Live pigs and their genetic material are not permitted import into Australia. Pig meat and pig meat products are required to be cooked or cured and specific tissues are removed to manage the biosecurity risks. Thus under Australia’s current biosecurity protocols and importation restrictions, the risk of SVA introduction is likely to be low. However, the level of risk posed by SVA to Australia is difficult to quantify until more information on the virus, transmission pathways, the global distribution and other epidemiological data are understood. Subclinical or mild disease is difficult to detect and may result in delayed responses and more significant outbreak impacts.
It is therefore important that Australian veterinarians maintain current knowledge and remain alert to emerging and emergency animal disease risks, to ensure rapid recognition and response to a potential outbreak. Early detection of SVA is key to effective disease control.
If you suspect an exotic disease, please contact the Emergency Animal Disease Watch Hotline on 1800 675 888 for advice and assistance.
1 DEFRA 2016, ‘Emerging pig disease associated with Seneca Valley virus in the Americas’, Department for Environment, Food and Rural Affairs, Animal and Plant Health Agency, Veterinary and Science Policy Advice – International Disease Monitoring.
2 Montiel N, Buckley A, Guo B, Kulshreshtha V, VanGeelan A, Yoon K, Lager K 2016, ‘Vesicular disease in 9-week-old pigs experimentally infected with Senecavirus A’, Emerging Infectious Diseases, vol 22, no. 7, pp. 1246-1248.

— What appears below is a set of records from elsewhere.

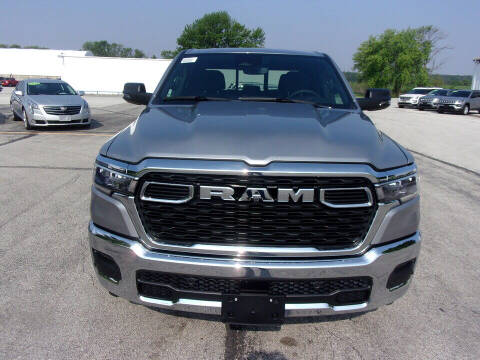 2025 RAM 1500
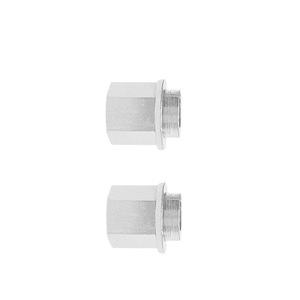 Écrou hexagonal excentrique Hintonda 5 mm pour imprimante 3D, accessoire de roue en POM, acier au carbone - Product Image 1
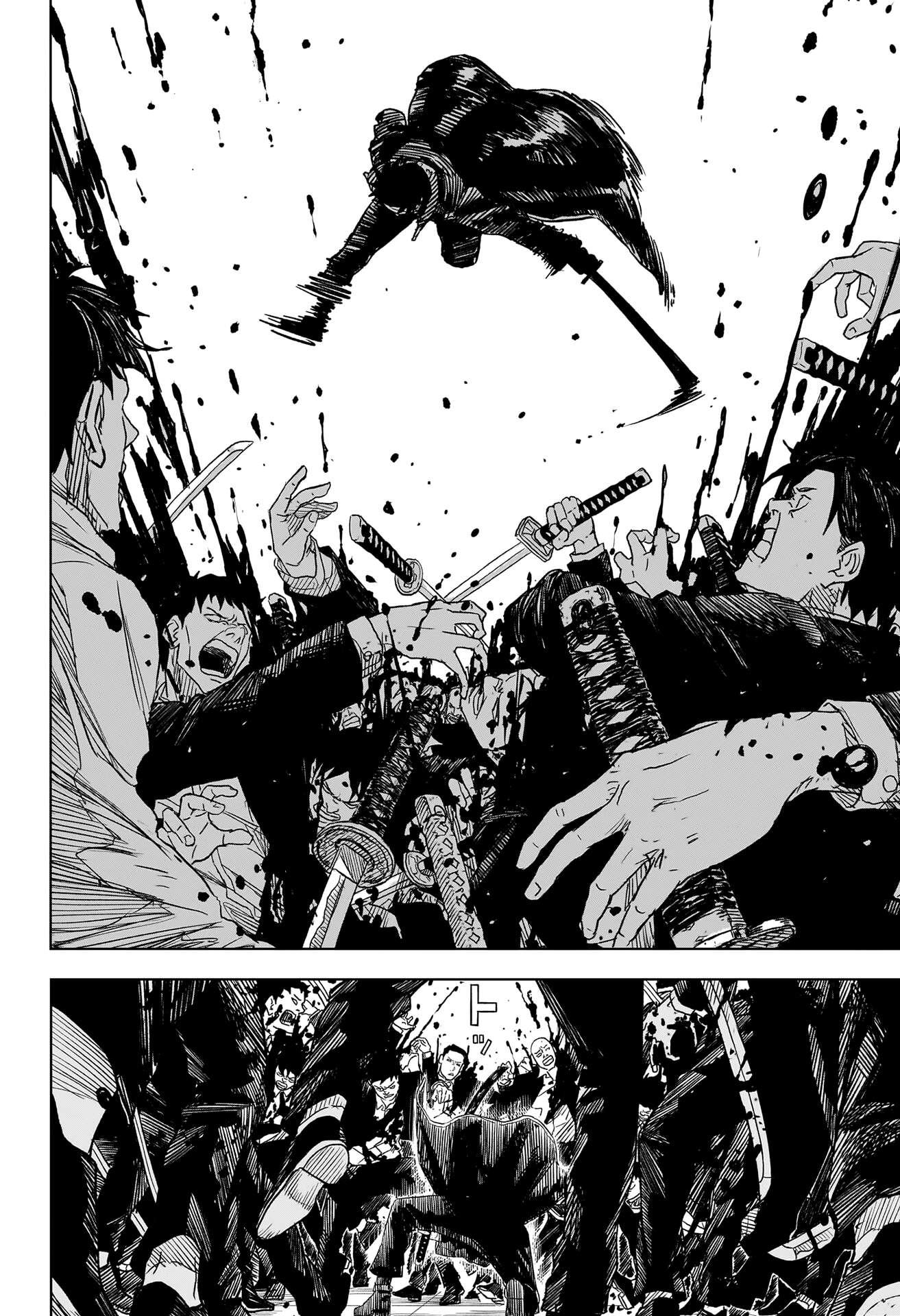 Read Kagurabachi FR Manga Online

3 Joshi L, Fernandes M, Clement T, Lawson S, Pillatzki A, Resende T, Vannucci F, Kutish G, Nelson E, Diel D 2016, ‘Pathogenesis of Senecavirus A infection in finisher pigs’, Journal of General Virology, vol 97, no. 12, pp. 3267-3279.
4 Joshi L, Mohr A, Clement T, Hain K, Myers B, Yaros J, Nelson E, Christopher-Hennings J, Gava D, Schaefer R, Caron L, Dee S, Diel D 2016, ‘Detection of the emerging picornavirus Senecavirus A in pigs, mice and houseflies’, Journal of Clinical Microbiology, vol 54, no.6, pp. 1536-1545.
5 Willcocks M, Locker N, Gomwalk Z, Royall E, Bakhshesh M, Belsham G 2011, ‘Structural features of the Seneca Valley virus internal ribosome entry site (IRES) element: a picornavirus with a pestivirus-like IRES’, Journal of Virology, vol 85, no.9, pp. 4452-4461.